Ken Sofsky, US Payments Analyst, Autonomous Research: So a lot happening. I guess on the net teller front, I mean, that I don’t know if you know how many clients are still on
Greg Adelson, CEO, Jack Henry: Less than a hundred.
Ken Sofsky, US Payments Analyst, Autonomous Research: Less than a hundred. Okay. And I guess there’s there’s a remind us of the lift, I guess, as you convert those to Banno. Is
Greg Adelson, CEO, Jack Henry: it So yeah. So we see anywhere from 20 to 25% lift, And most of those have occurred. But, again, there’s still because there was over a thousand at one time. Yeah.
Ken Sofsky, US Payments Analyst, Autonomous Research: Right. Totally. So you’re working working through that. Maybe maybe last couple of questions here. We have two minutes left.
I mean, I I wanted to ask about the top line growth of the business. I mean, this year, I think you’ll be close to that sort of six six point five percent range for fiscal year twenty twenty five on a non GAAP revenue basis. The prior couple of years, I think you’re closer to seven to 8%. Obviously, some macro impacts here, but the core business still doing fine. But I guess I’m curious to get your thoughts on whether we could see Jack Henry return to that type of growth over the next fiscal year.
And just maybe give us a sense of the sustainability of this growth. You’re obviously growing faster than peers. I mean, is this something that we’re still gonna be talking about in three, four, five years down the road? And any puts and takes on what you might push push you above that sort of seven to 8% range.
Greg Adelson, CEO, Jack Henry: Yeah. And I think we’re in the budgeting process for fiscal year twenty six right now. I I can’t give you any real guidance there. I can tell you that we’re still going to be cautious about some of the things that are happening in the macro environment, some things that could again, a $4,000,000 push in hardware last quarter was 80 basis points. So it’s a significant movement just for a small amount of money for a $2,300,000,000 company.

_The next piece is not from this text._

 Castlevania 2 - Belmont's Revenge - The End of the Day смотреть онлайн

So part of what you’ll see is some change in how we do guidance and kind of how we look at some of the ranges to kind of help with some of that. But to answer your question, I mean, we are highly incented at the entire leadership team, but specifically myself and Mimi, our CFO, for revenue growth and for margin expansion. Those are the two biggest things that we think align perfectly with what shareholders are looking for. And we also measure ROIC as well, but that’s not one of the exact metrics today. But the reality is, all of the things that we’ve been working on, the SMB strategy, the tech modernization strategy, the individual product sets that we’ve talked about, financial crimes, Banno Business, applications in our payments piece in general.
Those are all things that we are very confident will continue to help us differentiate and win for years to come. Does it happen in ’26? I don’t know if it all happens in ’26. But over the next five years, there’s, again, there’s nobody doing what we are doing right now. And even if our competitors take a pivot, they got some time to catch up on some of that stuff as well.
Ken Sofsky, US Payments Analyst, Autonomous Research: Absolutely. All right, Greg. I think we’re up against the clock here. So we’ll have to leave it there. But thank you so much for doing this.
It’s great to see you again, and good luck with the second year as as CEO.
Greg Adelson, CEO, Jack Henry: Yeah. Thank you very much. I appreciate you having me.
Ken Sofsky, US Payments Analyst, Autonomous Research: Alright. And thanks, everyone, for joining. Really appreciate it.